**BRIEF:** Here the job is to repeat the listing exactly, but not the pictures in it.

DATASET CONTENT Block Start

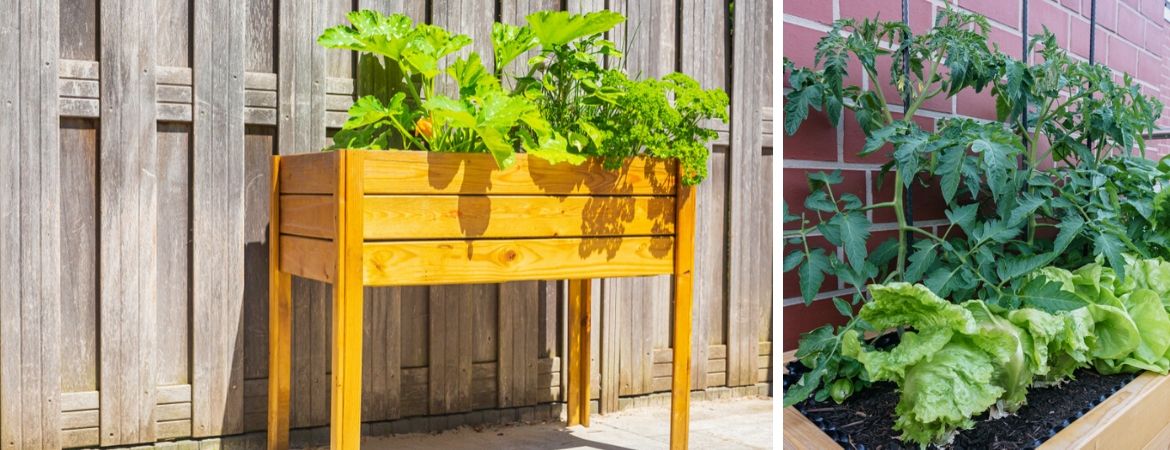 GroenRijk Schalk Prinsenbeek | Breda | Moestuin | Kweken GroenRijk Schalk Prinsenbeek | Breda | Moestuin | Kweken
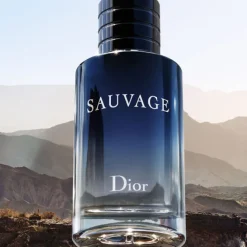Dior Parfums Rechargeables|Eau De Toilette></noscript>Sauvage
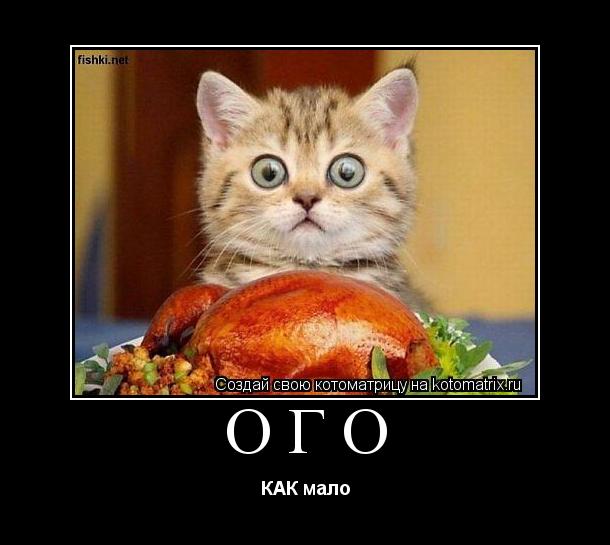 ОГО КАК мало... Котоматрица: ОГО КАК мало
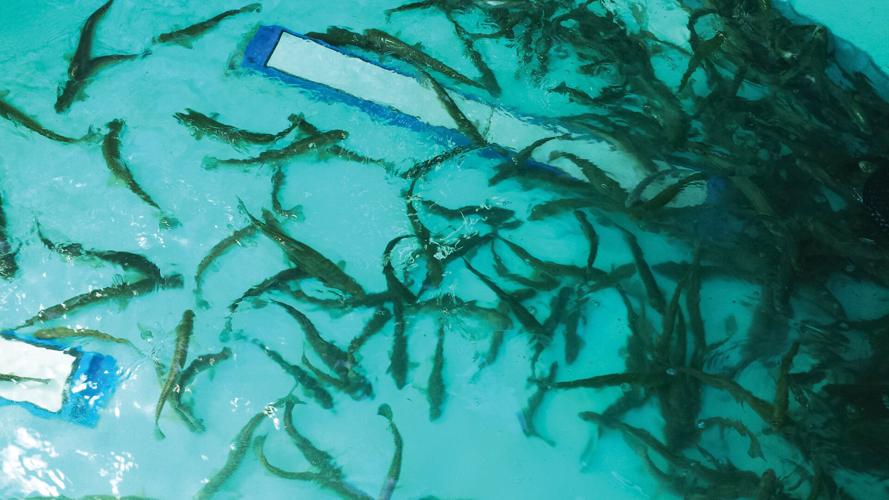 Fish stocking offers opportunities for anglers to make memorable ...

DATASET CONTENT Block End

**COMPLETED EXERCISE:**
 GroenRijk Schalk Prinsenbeek | Breda | Moestuin | Kweken GroenRijk Schalk Prinsenbeek | Breda | Moestuin | Kweken
Dior Parfums Rechargeables|Eau De Toilette></noscript>Sauvage
 ОГО КАК мало... Котоматрица: ОГО КАК мало
 Fish stocking offers opportunities for anglers to make memorable ...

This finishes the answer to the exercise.